Anyone here replace their battery, and have trouble with radio? Do you need to reprogram with some kind of code if the battery is disengaged?


----------



## Puppetmaster (Mar 28, 2005)

02MaxUpgrade said:


> Anyone here replace their battery, and have trouble with radio? Do you need to reprogram with some kind of code if the battery is disengaged?


I've never replaced the battery... but have disconnected it many times and have never run into any lockout or code issues. 
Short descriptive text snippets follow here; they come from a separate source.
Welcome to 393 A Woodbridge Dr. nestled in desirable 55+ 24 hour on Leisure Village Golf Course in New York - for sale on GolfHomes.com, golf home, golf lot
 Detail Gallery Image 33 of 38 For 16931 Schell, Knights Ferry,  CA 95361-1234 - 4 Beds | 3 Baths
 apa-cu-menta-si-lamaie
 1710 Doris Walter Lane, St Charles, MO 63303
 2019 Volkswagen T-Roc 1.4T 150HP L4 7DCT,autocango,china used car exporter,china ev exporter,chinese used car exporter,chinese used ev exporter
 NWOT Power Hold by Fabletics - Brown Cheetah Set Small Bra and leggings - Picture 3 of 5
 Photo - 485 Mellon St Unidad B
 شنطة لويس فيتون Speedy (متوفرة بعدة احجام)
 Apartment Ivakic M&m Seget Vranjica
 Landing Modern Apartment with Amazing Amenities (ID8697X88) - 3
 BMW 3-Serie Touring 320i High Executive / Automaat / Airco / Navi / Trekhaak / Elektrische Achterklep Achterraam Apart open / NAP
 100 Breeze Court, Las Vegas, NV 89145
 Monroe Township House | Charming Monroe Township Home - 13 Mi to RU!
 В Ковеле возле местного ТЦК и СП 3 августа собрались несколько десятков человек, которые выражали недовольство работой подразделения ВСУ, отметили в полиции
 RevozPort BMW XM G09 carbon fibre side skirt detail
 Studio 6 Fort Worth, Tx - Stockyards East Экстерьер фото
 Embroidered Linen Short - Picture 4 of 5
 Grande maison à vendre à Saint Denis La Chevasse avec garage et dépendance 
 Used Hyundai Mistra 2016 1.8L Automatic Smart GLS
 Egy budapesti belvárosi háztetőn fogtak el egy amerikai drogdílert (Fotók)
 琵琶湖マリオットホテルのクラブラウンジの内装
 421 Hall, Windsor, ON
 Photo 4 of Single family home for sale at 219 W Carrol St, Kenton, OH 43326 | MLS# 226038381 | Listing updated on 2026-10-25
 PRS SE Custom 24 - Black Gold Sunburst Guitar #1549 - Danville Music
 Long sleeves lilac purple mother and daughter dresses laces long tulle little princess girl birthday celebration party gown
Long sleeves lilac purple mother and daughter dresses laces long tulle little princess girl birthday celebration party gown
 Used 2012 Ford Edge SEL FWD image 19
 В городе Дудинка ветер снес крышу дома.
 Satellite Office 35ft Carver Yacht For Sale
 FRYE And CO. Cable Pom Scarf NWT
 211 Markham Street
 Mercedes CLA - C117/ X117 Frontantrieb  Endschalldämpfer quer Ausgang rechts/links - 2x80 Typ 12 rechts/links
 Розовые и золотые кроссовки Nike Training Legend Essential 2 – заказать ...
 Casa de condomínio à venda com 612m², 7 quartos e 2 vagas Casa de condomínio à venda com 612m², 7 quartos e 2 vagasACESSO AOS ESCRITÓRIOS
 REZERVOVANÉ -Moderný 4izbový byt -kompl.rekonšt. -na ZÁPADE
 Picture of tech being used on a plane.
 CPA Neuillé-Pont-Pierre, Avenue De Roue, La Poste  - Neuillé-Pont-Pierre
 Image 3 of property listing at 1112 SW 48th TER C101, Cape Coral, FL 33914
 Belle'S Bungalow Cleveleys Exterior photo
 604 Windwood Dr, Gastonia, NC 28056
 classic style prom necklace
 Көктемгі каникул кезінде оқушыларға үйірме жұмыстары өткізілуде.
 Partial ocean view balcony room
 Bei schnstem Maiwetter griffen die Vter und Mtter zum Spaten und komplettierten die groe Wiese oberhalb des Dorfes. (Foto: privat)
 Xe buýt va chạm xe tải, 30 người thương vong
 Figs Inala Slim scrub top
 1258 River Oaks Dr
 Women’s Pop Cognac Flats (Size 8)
I know for some European cars like my wife's VW ya need to punch in the unit code to get it working again after disconnecting/replacing the battery.


----------



## 02MaxUpgrade (Jul 19, 2005)

Yes, BMW's too, hence the question. Thanks for the answer! :thumbup:


----------



## 14psisupra (May 2, 2005)

iv replaced the battery and didnt have any problems


----------



## Hydrolock (Feb 18, 2005)

Dress grimey, (call before) go to the nissan dealership say your from Joe Smoes garage and most likely they will do whatever resetting or code entering is necessary.


----------



## Puppetmaster (Mar 28, 2005)

Hydrolock said:


> Dress grimey, (call before) go to the nissan dealership say your from Joe Smoes garage and most likely they will do whatever resetting or code entering is necessary.


Like already posted, no resetting or codes are necessary.


----------